* **Task item**: Everything from the line with "One Surfer Riding" to the end of the entries should be set down exactly, except the pictures.

* **Provided records**:
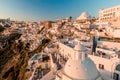 Thira, Greece - 11.07.2021: Santorini white architecture village top view. Royalty Free Stock Photo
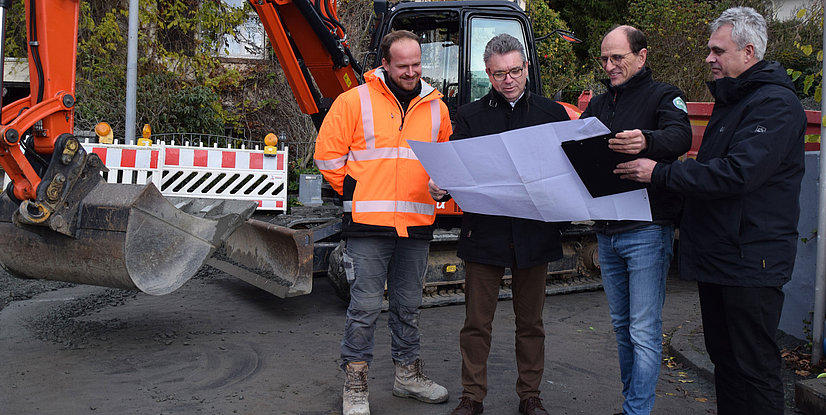 Vier Personen in Arbeitskleidung besprechen Pläne vor einer Baumaschine auf einer Baustelle.
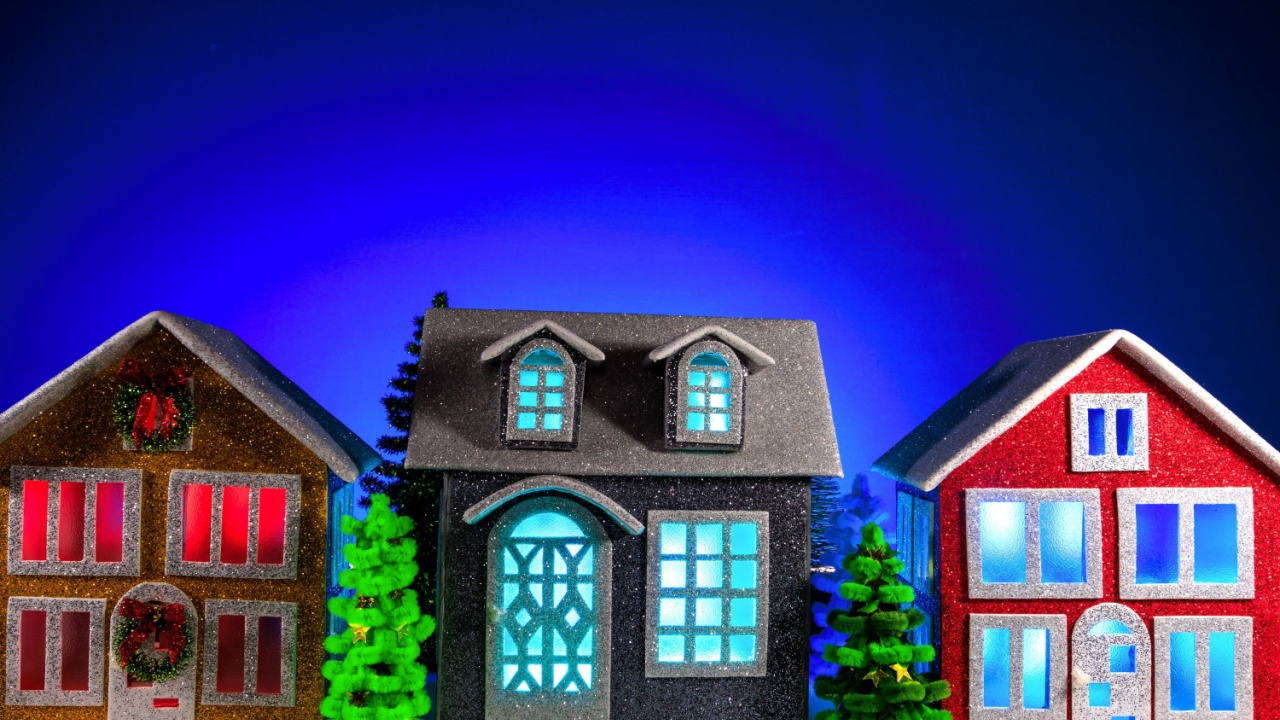 Between the brown, gray and red houses there are two green fir trees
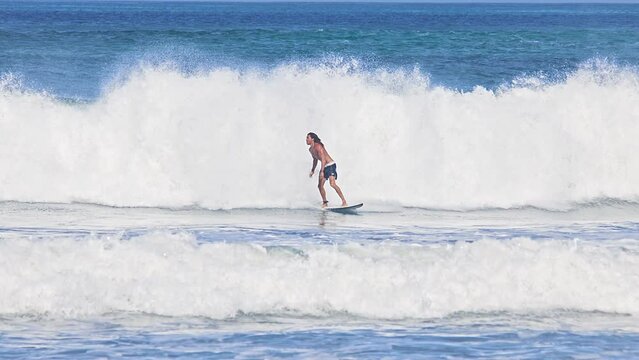 One Surfer Riding on Surf in Beautiful Ocean Waves Slow Motion. Cool Paradise Adventure Leisure in Island. Fun Sunny Day of Surfboarder in Blue Big Ocean. Pro Healthy Style with Splashing Sea Spray 4k
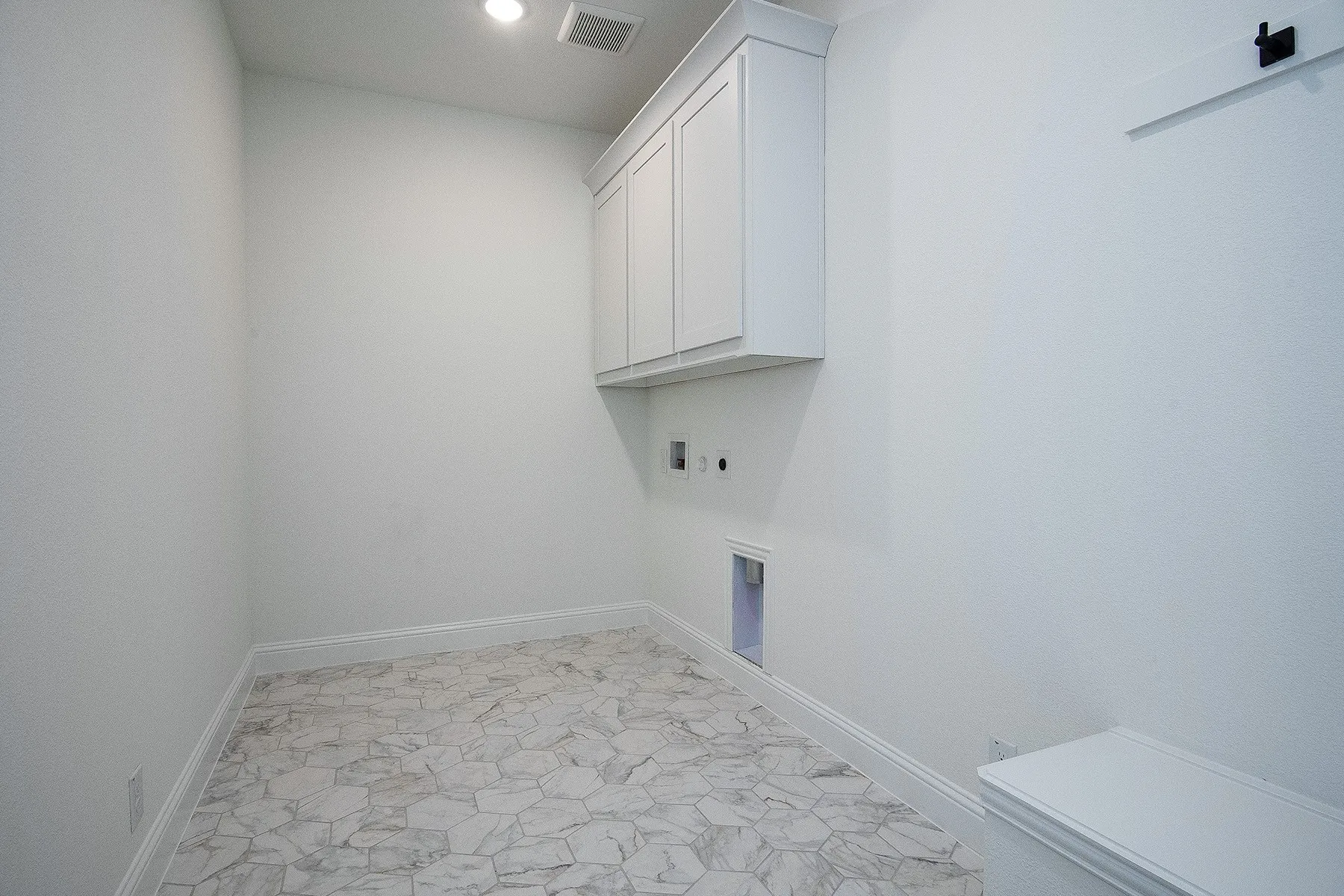 White shaker-style cabinetry with crown molding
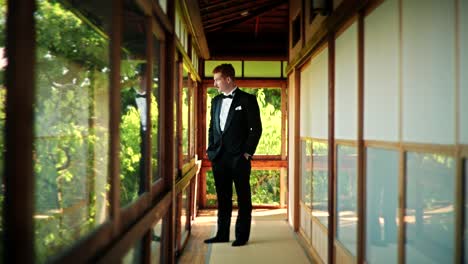 groom in a tuxedo in a japanese garden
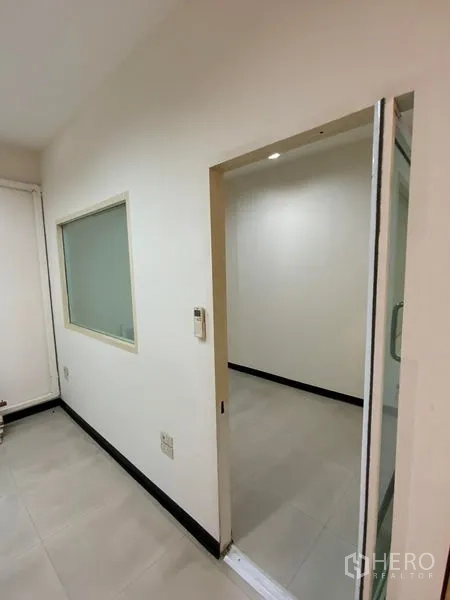 Office Space for rent in Watthana, Bangkok - Compact meeting room with sliding glass door and internal window in a white office.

* **Exercise solution**:
 One Surfer Riding on Surf in Beautiful Ocean Waves Slow Motion. Cool Paradise Adventure Leisure in Island. Fun Sunny Day of Surfboarder in Blue Big Ocean. Pro Healthy Style with Splashing Sea Spray 4k
 White shaker-style cabinetry with crown molding
 groom in a tuxedo in a japanese garden
 Office Space for rent in Watthana, Bangkok - Compact meeting room with sliding glass door and internal window in a white office.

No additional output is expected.